INDICAZIONE TOPOGRAFICA DI ROMA ANTICA DELL'ARCHITETTO LUIGI CANINA

Terme di Tito

- I Greci furono i primi, che dagli Asiatici appresero l'uso dei bagni, ed i Romani a loro imitazione l'introdussero in Roma, facendo a tale effetto delle fabbriche, che chiamarono Terme con voce greca, significante bagni caldi. Ben presto il lusso fece erigere in tali edifizi, dei luoghi per gli esercizi del corpo, e pel diletto dello spirito, e si cambiarono in vasti fabbricati circondati di portici e di giardini. Ivi si trovavano biblioteche, exedrae, ossiano emicicli, ne' quali i filosofi discutevano, gli oratori declamavano, i poeti recitavano i loro versi; vi erano gallerie di statue, di quadri ec.; vi si trovavano giardini pel passeggio e pe' giuochi atletici che si potevano osservare da una specie di teatro. Si vuole che Agrippa sia stato il primo ad innalzare siffatte fabbriche al pubblico; il suo esempio venne seguito da Nerone; e finalmente Tito eresse in breve tempo le terme di cui parliamo. Il luogo scelto da lui, era comodissimo per la sua centralità, mentre quelle di Nerone e di Agrippa si trovavano nel campo di Marte. Egli si valse all'uopo della casa e degli orti di Nerone; in seguito Domiziano vi fece delle aggiunte, e così pure Traiano ed Adriano, dimodoché ogni singola parte di esse prese il nome dell'imperatore da cui venne costruita; perciò tanto le terme di Tito, che di Domiziano, di Traiano ed Adriano non sono che altrettante parti divise di uno stesso edifizio. Per cagione di simili aggiunte, le terme si allargarono dal Colosseo fino alla descritta chiesa di s. Martino; e ad onta di così vasta estensione, esse erano più piccole di quelle di Caracalla e di Diocleziano, ma che le superarono però in eleganza e buon gusto. Vicino alle dette terme trovavasi il palazzo di Tito, in cui ammiravasi il celebre gruppo di Laocoonte, ritrovato nella vigna de Fredis, fra le Sette Sale e s. Maria Maggiore, al tempo di Giulio II; gruppo che in oggi esiste nel museo Vaticano, e che forma l'ammirazione di ognuno.

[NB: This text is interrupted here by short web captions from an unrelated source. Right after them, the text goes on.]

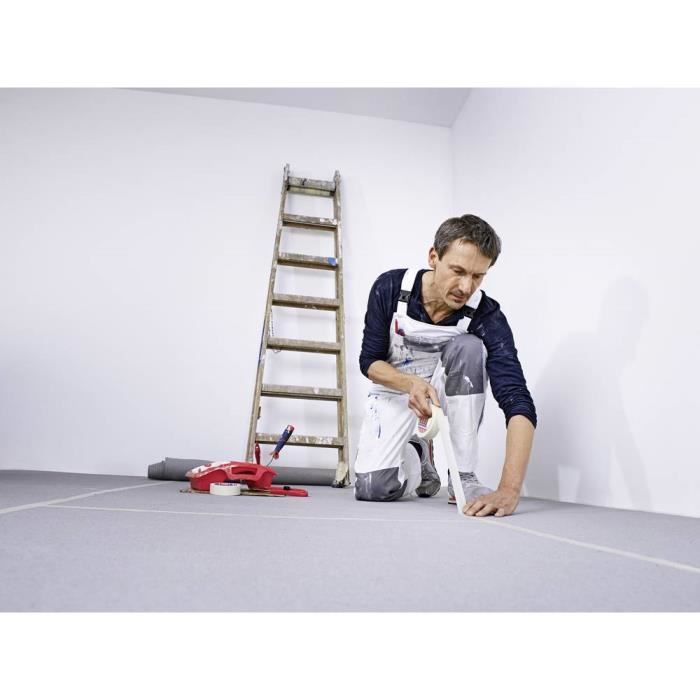 Tesa STANDARD 04325-00000-01 Bande de masquage tesaProfessional beige (L x l) 50 m x 19 mm 1 pc(s)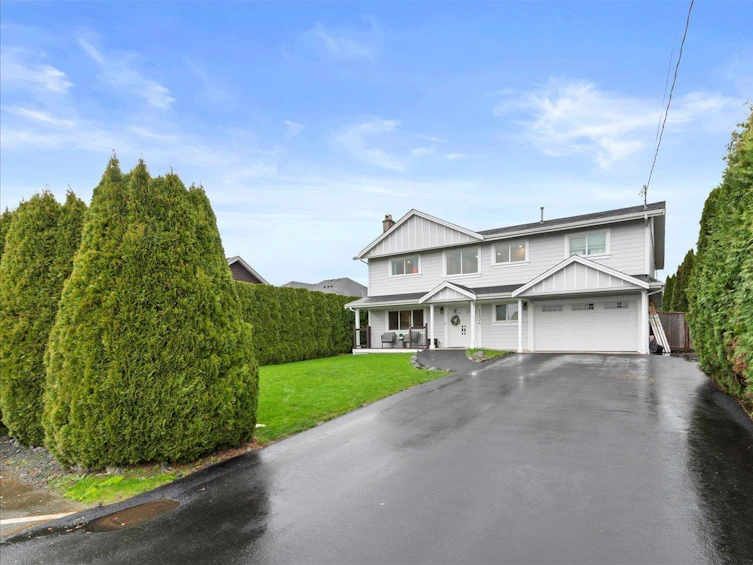 7334 West Sunshine Sardis Vedder Drive, Chilliwack, BC, V2R 1H6 - 2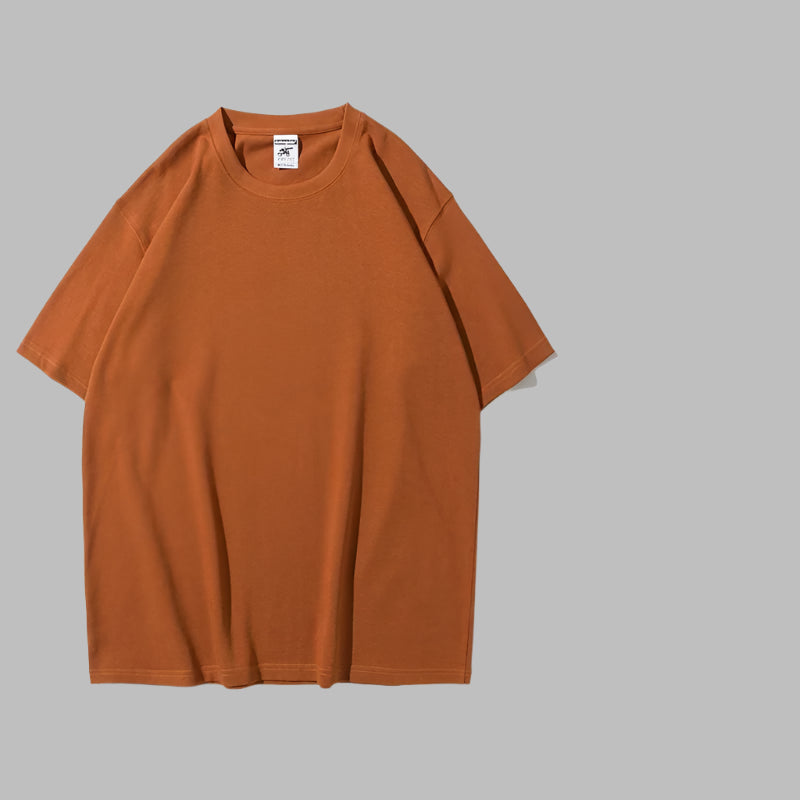 High-Quality Cotton T-Shirt for Men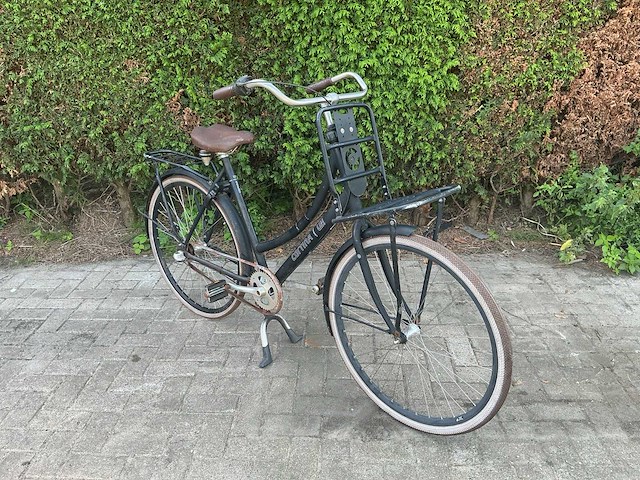 Cortina u4 meisjesfiets - afbeelding 1 van  10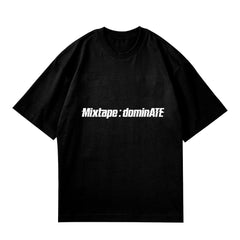 Cartoon KPOP Short-sleeved Summer T-shirt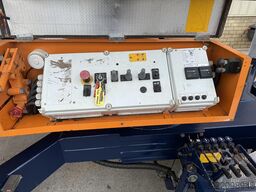 Omme 2900 EBDZ, Aanhanger hoogwerker, 29 meter
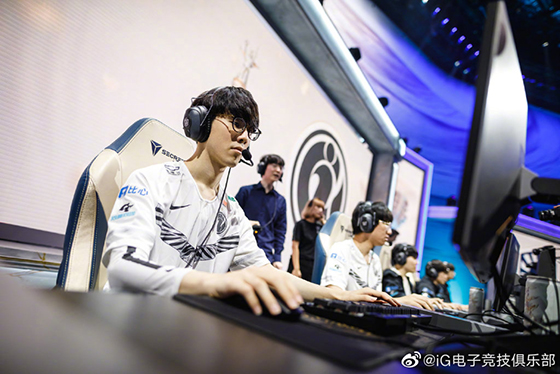 九游-关于TheShy新星爆冷表现惊艳，日本队未来可期！的信息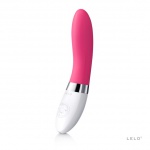 SexShop - Wibrator - Lelo Liv 2 wiśniowy - online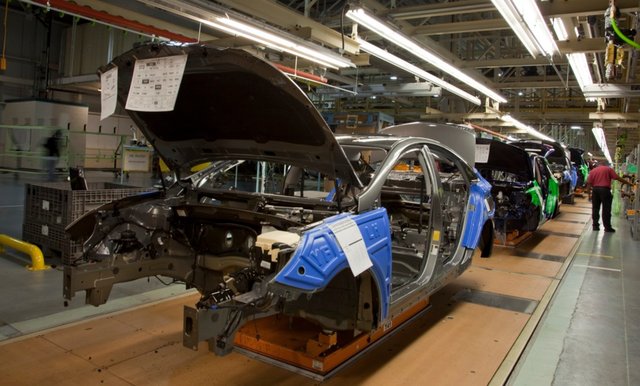 How #IoT and #OT collaborate to usher in the data-driven factory of the future <a href="/Hirotec_America/">HIROTEC AMERICA, Inc</a> <a href="/HPE/">HPE</a> #manufacturing bit.ly/2kGMAN4
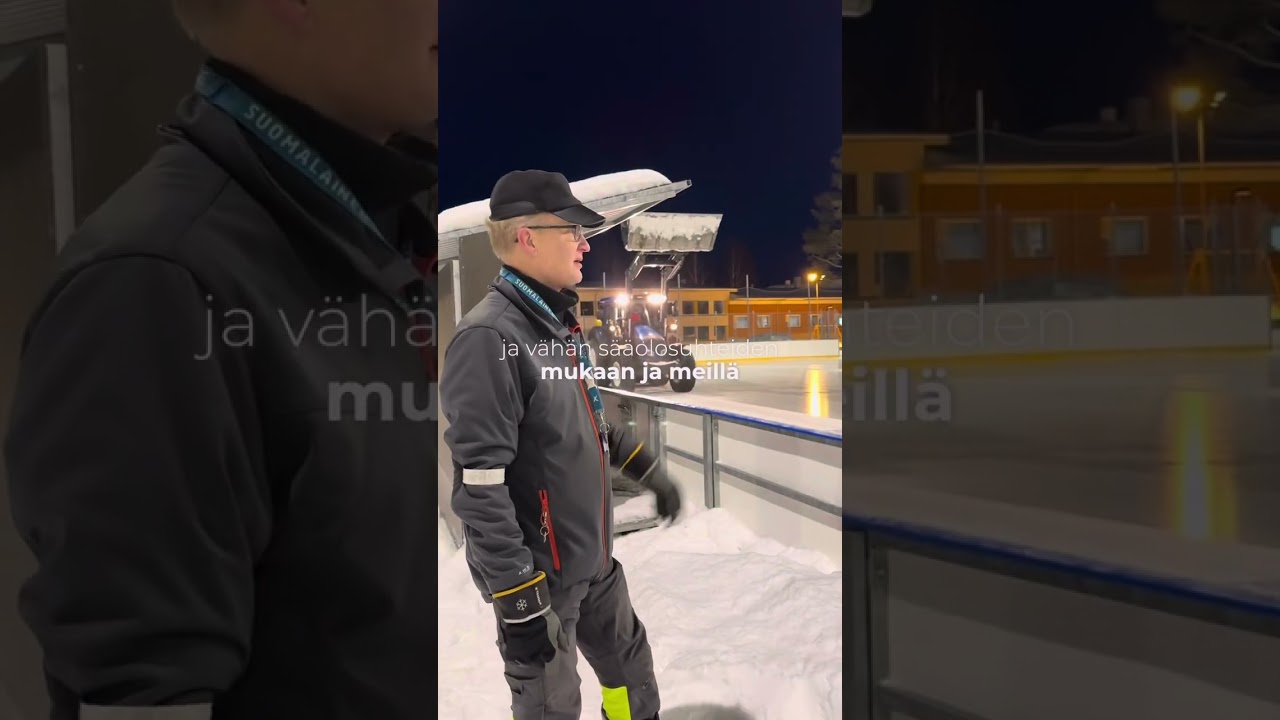 Hae Liikuntapaikkamestariksi | Pihtiputaan kunta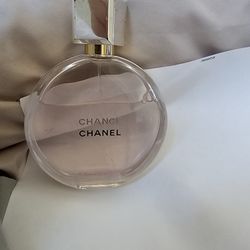 Chanel Perfume
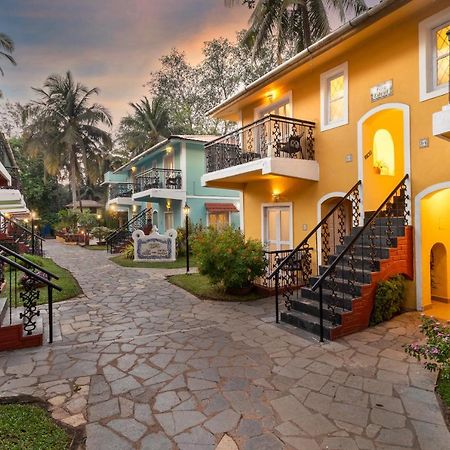 Aldeia Santa Rita - Candolim Extérieur photo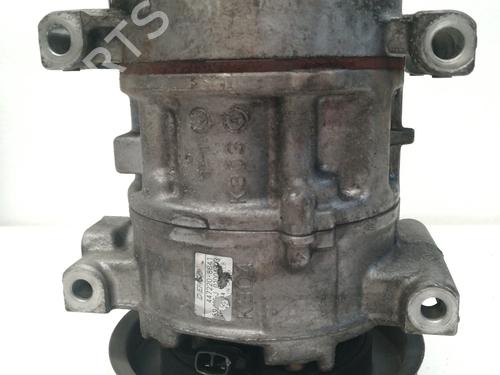 AC compressor FIAT STILO (192_)  | BP9350687M34 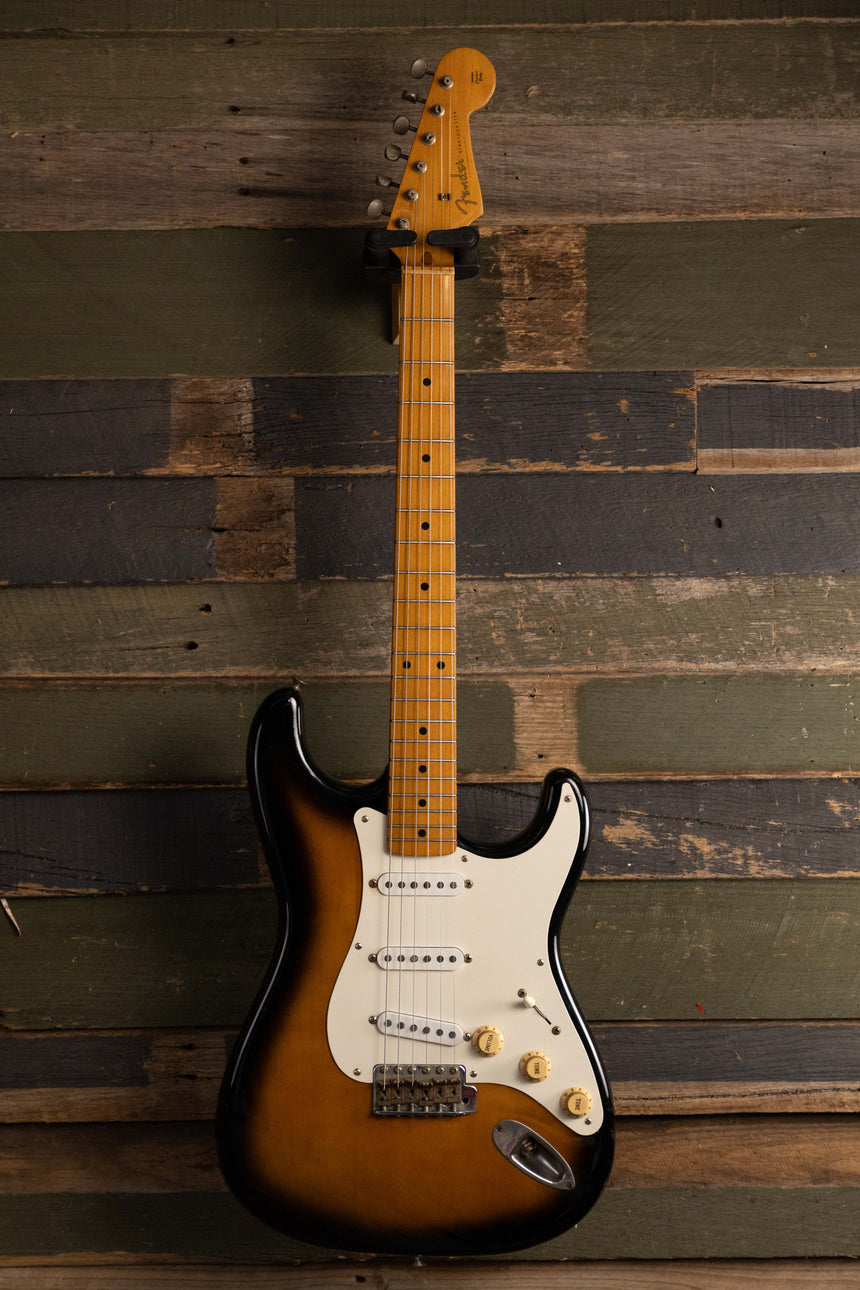 Fender Japan [Made in Japan, E Serial] ST’62-55 1986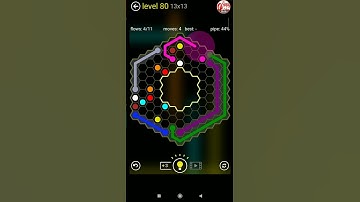 Free Flow Party Sampler Level 80 13x13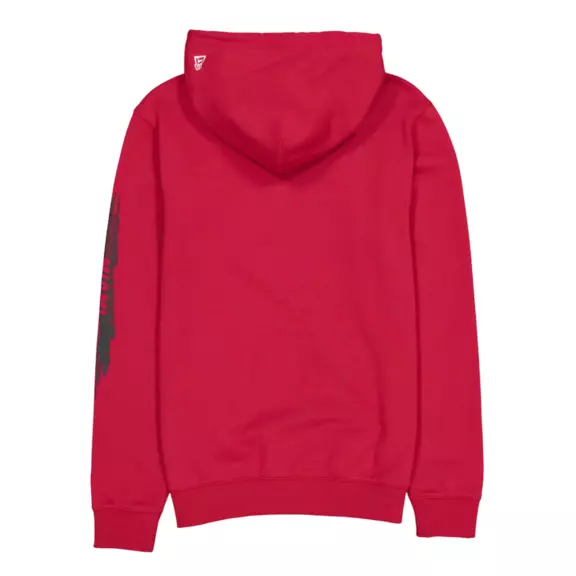 New Era NBA Miami Heat Tip Off 2024 Hoodie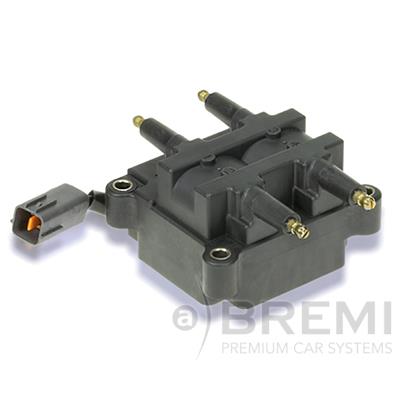 Bremi 20567 Ignition coil 20567: Buy near me in Poland at 2407.PL - Good price!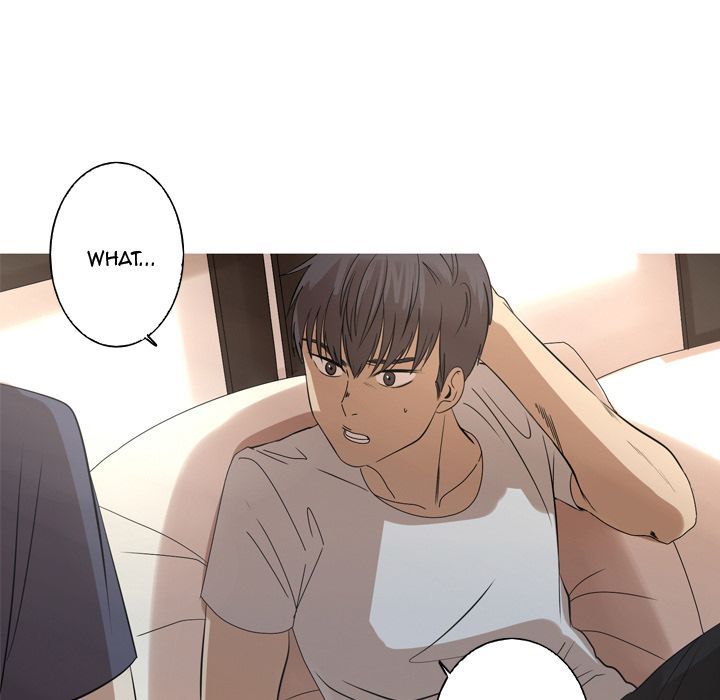 The Mermaid's Pond Manhwa - Chapter 13 Page 40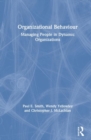 Image for Organizational Behaviour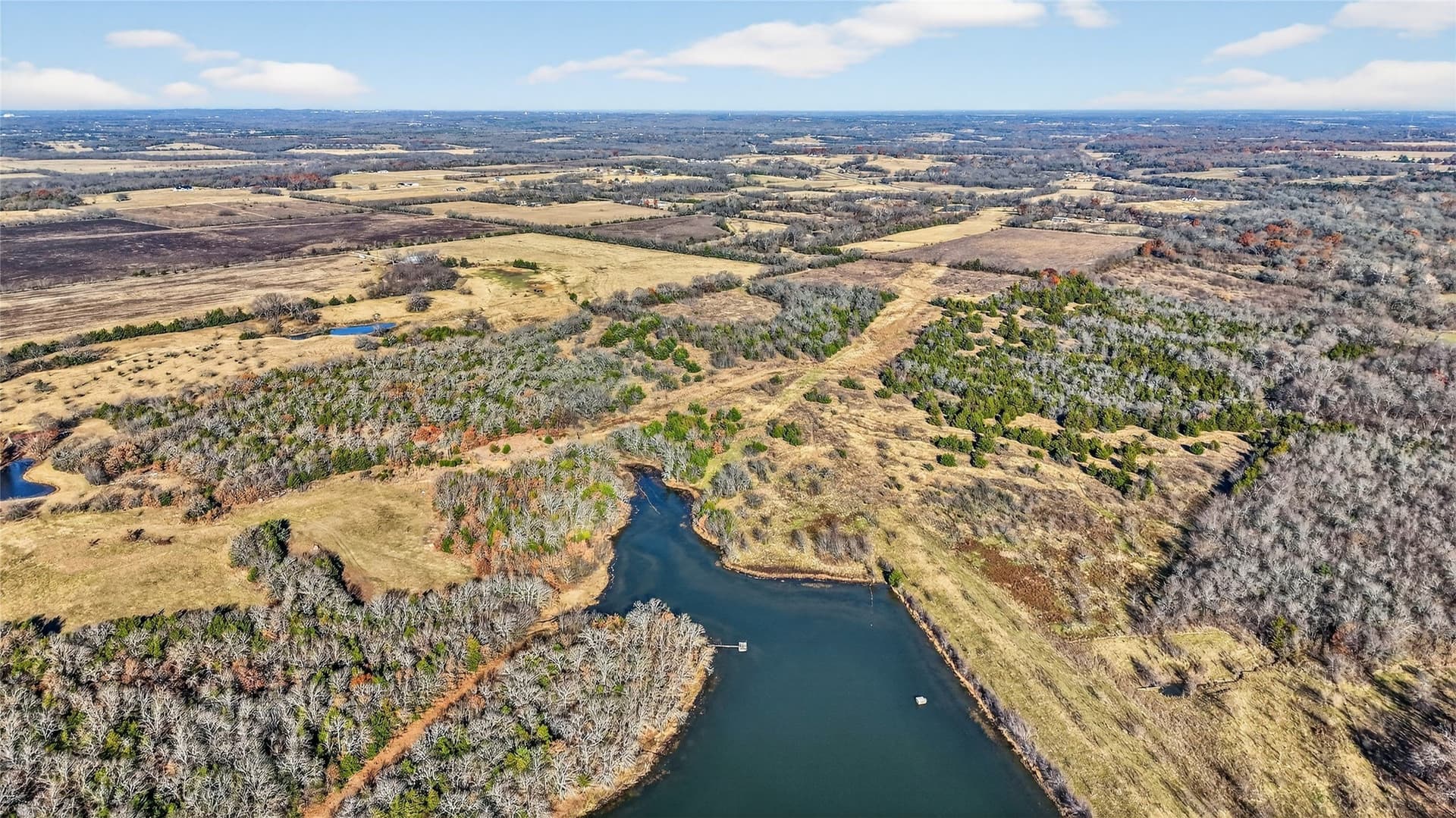 91 acres in Grayson County - photo 6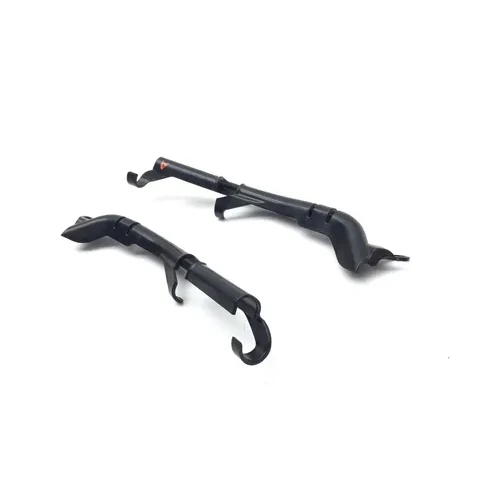 Yamaha 2020 YFZ450R Front Brake Line Cover A 3088 2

Le terme di cui si ragiona sono quasi interamente distrutte, e pochi avanzi ne danno a conoscere la magnificenza trascorsa. Pur tuttavia i sotterranei sono ben conservati, ed appartengono la maggior parte agli appartamenti di Nerone, che Tito fece servir di sostegno alle sue terme, coll'aggiungervi altri muri, cosicché restarono privi di aria e di luce. Circa trenta camere e diversi corridoi porgono anche al presente pitture ad arabeschi, che per la loro varietà, per la purgatezza del disegno, per la vivezza del colorito formano l'ammirazione degli artisti. Vuolsi perfino che Raffaello, avendo avuta conoscenza di tali affreschi, ne prendesse l'idea per gli ornati delle logge del Vaticano, e che di poi facesse interrar nuovamente le camere; ma quantunque la prima supposizione possa esser vera, la seconda certamente non è che una calunnia, giacché l'amore di quel sommo per le cose antiche, lo spinse ad offerire a Leone X un progetto pel disotterramento dell'antica Roma. Che più si hanno prove sicure, che i suddetti sotterranei furono quasi sempre accessibili, e che soltanto nel principio dello scorso secolo furono scordati, perché resi impraticabili, venendo nuovamente aperti nel 1776, ed esaminati dal Mirri che ne pubblicò le pitture. Fino dall'anno 1812, essendo quasi affatto ingombri, non vi si poteva entrare che con fatica; ma dopo una tale epoca furono sgombrati di guisa che gli amatori delle arti belle possono ora percorrerli liberamente, e prendere così una idea della disposizione e degli ornati de' sontuosi appartamenti degli antichi. Fra i scavi praticati vi si rinvenne una cappella dedicata a s. Felicita, costrutta in una delle camere di questi sotterranei verso il secolo XVI, come pure si scoperse una curiosa iscrizione dipinta nella parete.